ユダはヤコブとレアの間の4番目の子供でした。その名前は「主を褒めたたえる」という意味です。その歴史をたどると、ユダはイスラエル国家ができてその繁栄を象徴するダビデ、ソロモンの家系となり、後にイスラエルの国が南北に分断されたときの南ユダとなります。ヨセフにはマナセとエフライムが生まれ、やがてエフライムは北イスラエルの呼び名となります。ヨセフの話は出エジプトへの備えであり、ユダの話は南ユダになることへの伏線なのです。その発端はユダが祝福の流れを無視してカナンの女性と結婚したことから始まっているのです。父のイサクは自分と同じ神を信じる家系から妻をめとったのにも関わらず、ユダは世の中に流されて結婚し、エル、オナン、シェラの3人の子供が生まれました。エルはタマルと結婚をしましたが、「しかしユダの長子エルは主を怒らせていたので、主は彼を殺した。」(創38:7)長子の子を生まないで寡婦になると、夫の弟と結婚をしてその家系を絶やさないようにするレビラート婚により、タマルはオナンと結婚をします。オナンは自分の子供にはならないので、形上結婚して夫婦の営みがあっても自分の精子をながしていました。オナンも神の祝福を無視し、背いてしまったので神様が怒り、オナンも死んでしまいました。ユダはシェラまで失うことを恐れ、タマルを騙して実家に帰してそのままにしてしまいました。しかし、それはタマルの問題ではなく、エルとオナンの罪にあったのです。タマルは遊女のふりをしてユダの子供を身ごもりましたが、その時ユダから印形(ユダの家紋が入った印)、ひもと杖をしるしとして受け取っていました。そうとは知らないユダは、やもめのタマルが身ごもったことを聞いて殺そうとしましたが、タマルはユダからあずかった品を見せました。それを見たユダは「あの女は私よりも正しい。私が彼女にわが子シェラを与えなかったことによるのだ。」(創38:26)エルもオナンもユダも罪を犯し、それによってタマルに罪を犯させてしまいました。
神はユダをイスラエルの王の先祖とされ、それだけではなくやがてイエス・キリストの家系になりました。「ユダに、タマルによってパレスとザラが生まれ・・・」(マタイ1:3)その系図には男性の系図の中で5人の女性の名前が出てきます。

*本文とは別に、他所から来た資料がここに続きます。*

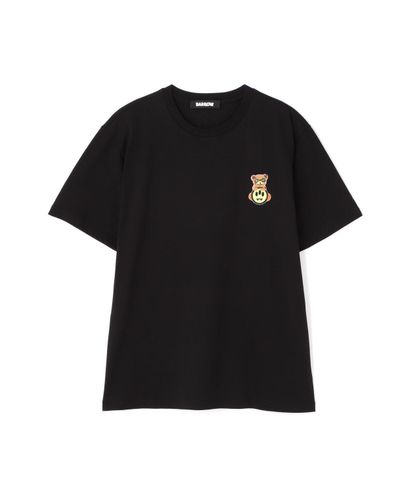 UNDERCOVER/アンダーカバー/U TEE | ROYAL FLASH（ロイヤルフラッシュ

その最初がタマルです。人の罪と汚れの流れの中にイエス・キリストがお生まれになったのです。それは、人の血の流れの中に新しい救いの血を流すために生まれたのです。罪で汚れた家系の中に神は介入され、キリストの血を十字架で流され、罪ある家系から祝福の家系へと変えられたのです。どんな家系に生まれたとしても、イエスを信じたあなたをきっかけにして、あなたの家系は祝福の家系へと変わるのです。救いとは人の血筋の良さや行いではなく神の憐れみによって与えられたのです。ですから私たちも神の憐れみと恵みに目を留めていきましょう。あなたの抱えている問題や悪習慣はありますか?そこに神の憐れみがどのように表されているでしょうか?私たちはどんな罪人であっても神の憐れみによって救われています。その憐れみによって支えられています。ですから、徹頭徹尾、神の憐れみの中に生きる者にお互いになっていきましょう。そして、主の祝福の流れを私たちから流すものになっていきましょう。あなたから信仰の流れが繋がっていくような歩みをしてきましょう。
分かち合いのために ①今課題となっていることはないでしょうか? ②神様の御心をどのように生きれば良いでしょうか? ③神の憐れみはあなたにどのようにあらわされていますか?